[Opening INFORMATION PROVIDED section]

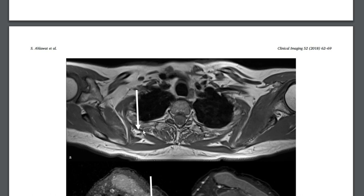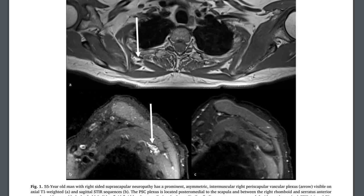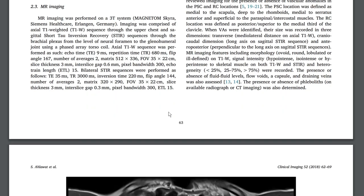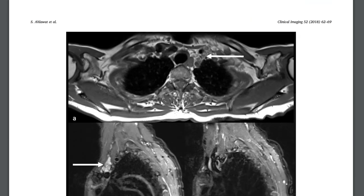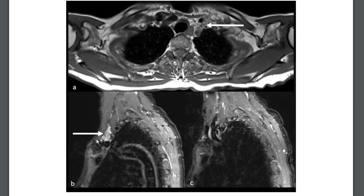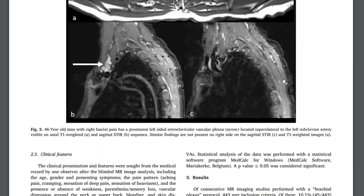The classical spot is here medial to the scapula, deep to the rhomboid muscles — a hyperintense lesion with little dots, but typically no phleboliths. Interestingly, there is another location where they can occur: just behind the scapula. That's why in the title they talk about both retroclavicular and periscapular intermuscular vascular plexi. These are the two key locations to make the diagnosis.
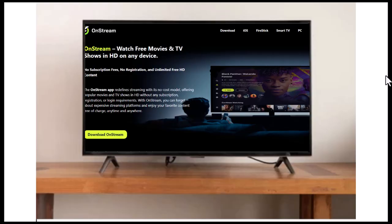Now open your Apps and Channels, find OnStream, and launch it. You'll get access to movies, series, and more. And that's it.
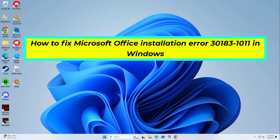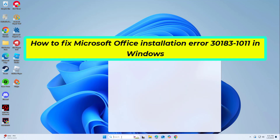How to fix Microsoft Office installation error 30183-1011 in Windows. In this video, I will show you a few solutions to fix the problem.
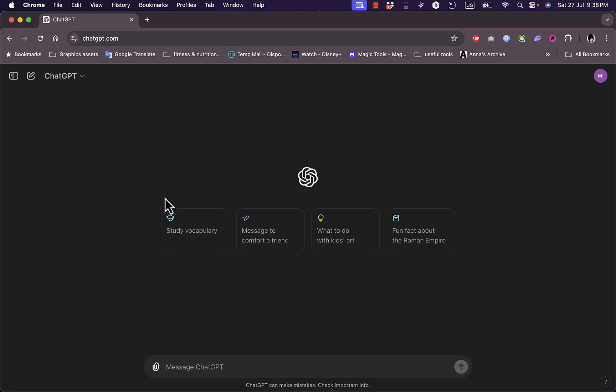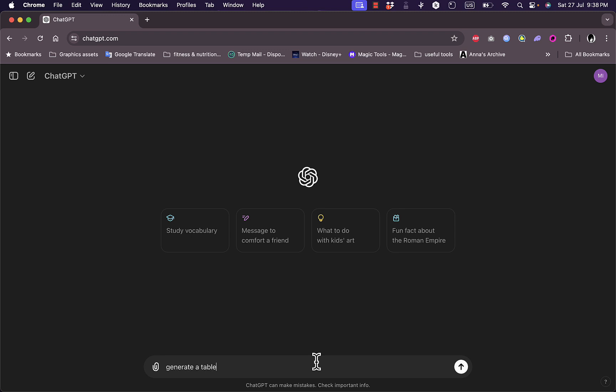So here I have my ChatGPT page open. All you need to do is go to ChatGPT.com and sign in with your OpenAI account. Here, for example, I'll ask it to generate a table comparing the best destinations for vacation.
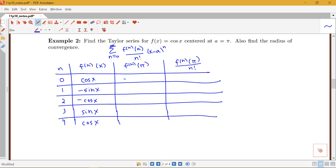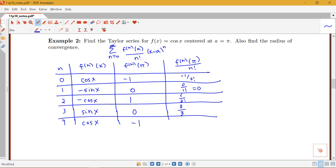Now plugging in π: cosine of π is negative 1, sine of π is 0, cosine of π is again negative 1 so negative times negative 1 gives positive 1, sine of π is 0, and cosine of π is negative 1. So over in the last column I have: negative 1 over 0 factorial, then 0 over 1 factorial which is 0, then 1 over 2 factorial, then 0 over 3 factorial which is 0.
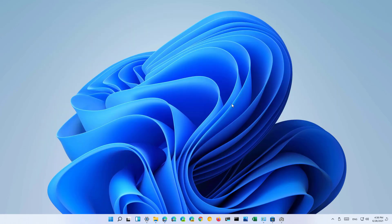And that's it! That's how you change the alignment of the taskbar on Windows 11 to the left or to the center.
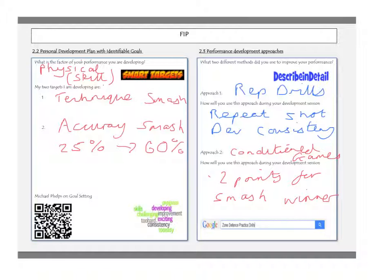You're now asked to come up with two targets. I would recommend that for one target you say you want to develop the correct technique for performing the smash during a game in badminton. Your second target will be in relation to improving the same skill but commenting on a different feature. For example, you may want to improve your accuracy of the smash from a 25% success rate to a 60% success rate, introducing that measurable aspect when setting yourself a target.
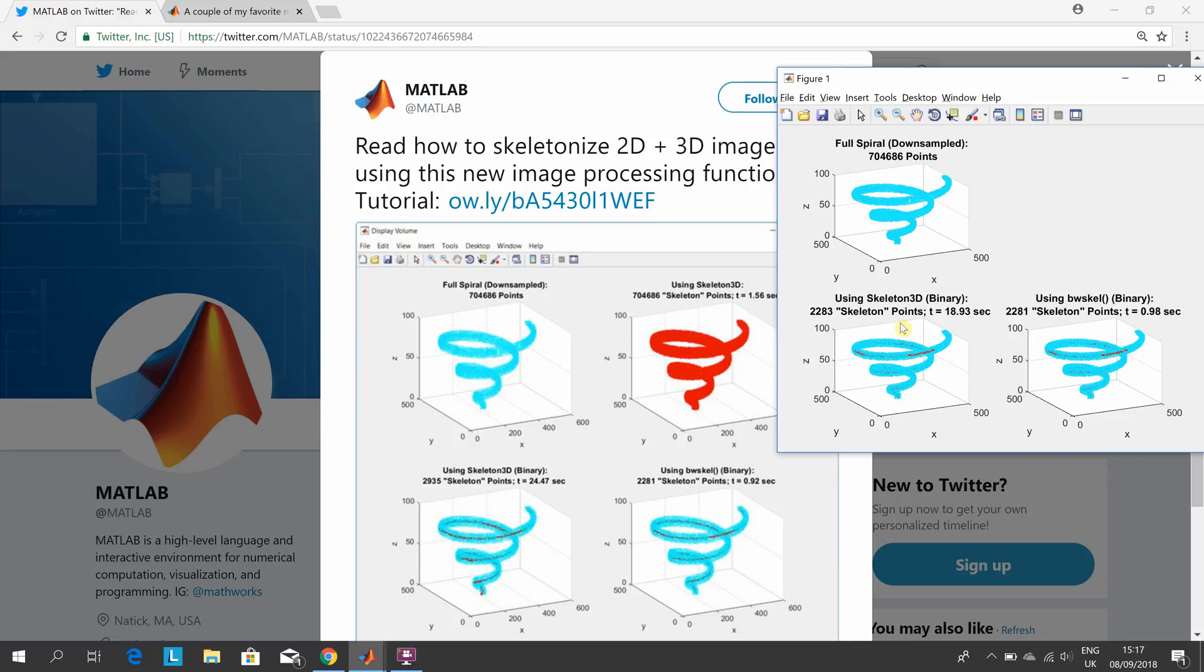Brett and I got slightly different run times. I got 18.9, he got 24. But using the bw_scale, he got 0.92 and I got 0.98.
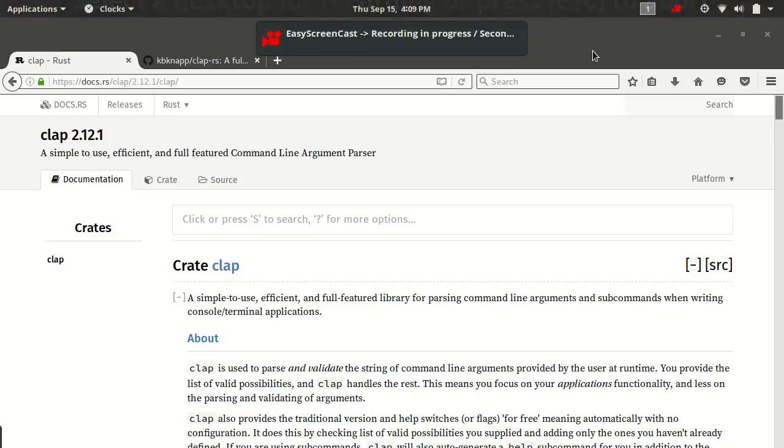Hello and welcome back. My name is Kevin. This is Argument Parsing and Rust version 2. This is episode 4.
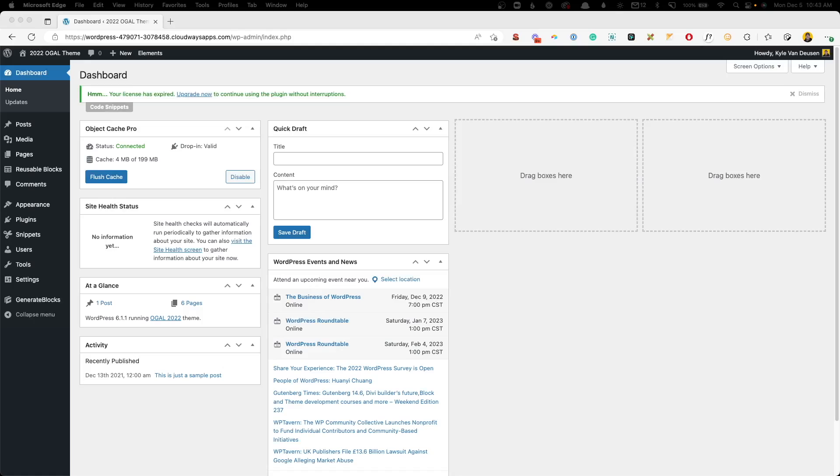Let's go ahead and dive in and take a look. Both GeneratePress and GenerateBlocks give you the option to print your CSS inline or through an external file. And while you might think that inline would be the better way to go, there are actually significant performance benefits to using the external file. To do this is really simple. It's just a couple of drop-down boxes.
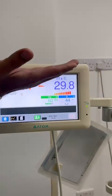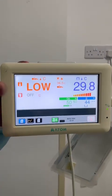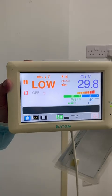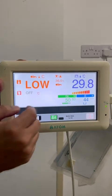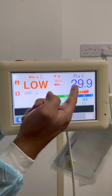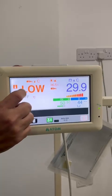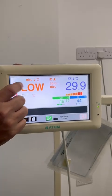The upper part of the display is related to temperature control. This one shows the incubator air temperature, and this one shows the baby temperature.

[Closing INFORMATION PROVIDED section]

*EXERCISE REQUIREMENTS*
With no pictures included, write out the entries exactly.

*YOUR RESPONSE*
The classical spot is here medial to the scapula, deep to the rhomboid muscles — a hyperintense lesion with little dots, but typically no phleboliths. Interestingly, there is another location where they can occur: just behind the scapula. That's why in the title they talk about both retroclavicular and periscapular intermuscular vascular plexi. These are the two key locations to make the diagnosis.
Now open your Apps and Channels, find OnStream, and launch it. You'll get access to movies, series, and more. And that's it.
How to fix Microsoft Office installation error 30183-1011 in Windows. In this video, I will show you a few solutions to fix the problem.
So here I have my ChatGPT page open. All you need to do is go to ChatGPT.com and sign in with your OpenAI account. Here, for example, I'll ask it to generate a table comparing the best destinations for vacation.
Now plugging in π: cosine of π is negative 1, sine of π is 0, cosine of π is again negative 1 so negative times negative 1 gives positive 1, sine of π is 0, and cosine of π is negative 1. So over in the last column I have: negative 1 over 0 factorial, then 0 over 1 factorial which is 0, then 1 over 2 factorial, then 0 over 3 factorial which is 0.
And that's it! That's how you change the alignment of the taskbar on Windows 11 to the left or to the center.
You're now asked to come up with two targets. I would recommend that for one target you say you want to develop the correct technique for performing the smash during a game in badminton. Your second target will be in relation to improving the same skill but commenting on a different feature. For example, you may want to improve your accuracy of the smash from a 25% success rate to a 60% success rate, introducing that measurable aspect when setting yourself a target.
Brett and I got slightly different run times. I got 18.9, he got 24. But using the bw_scale, he got 0.92 and I got 0.98.
Hello and welcome back. My name is Kevin. This is Argument Parsing and Rust version 2. This is episode 4.
Let's go ahead and dive in and take a look. Both GeneratePress and GenerateBlocks give you the option to print your CSS inline or through an external file. And while you might think that inline would be the better way to go, there are actually significant performance benefits to using the external file. To do this is really simple. It's just a couple of drop-down boxes.
The upper part of the display is related to temperature control. This one shows the incubator air temperature, and this one shows the baby temperature.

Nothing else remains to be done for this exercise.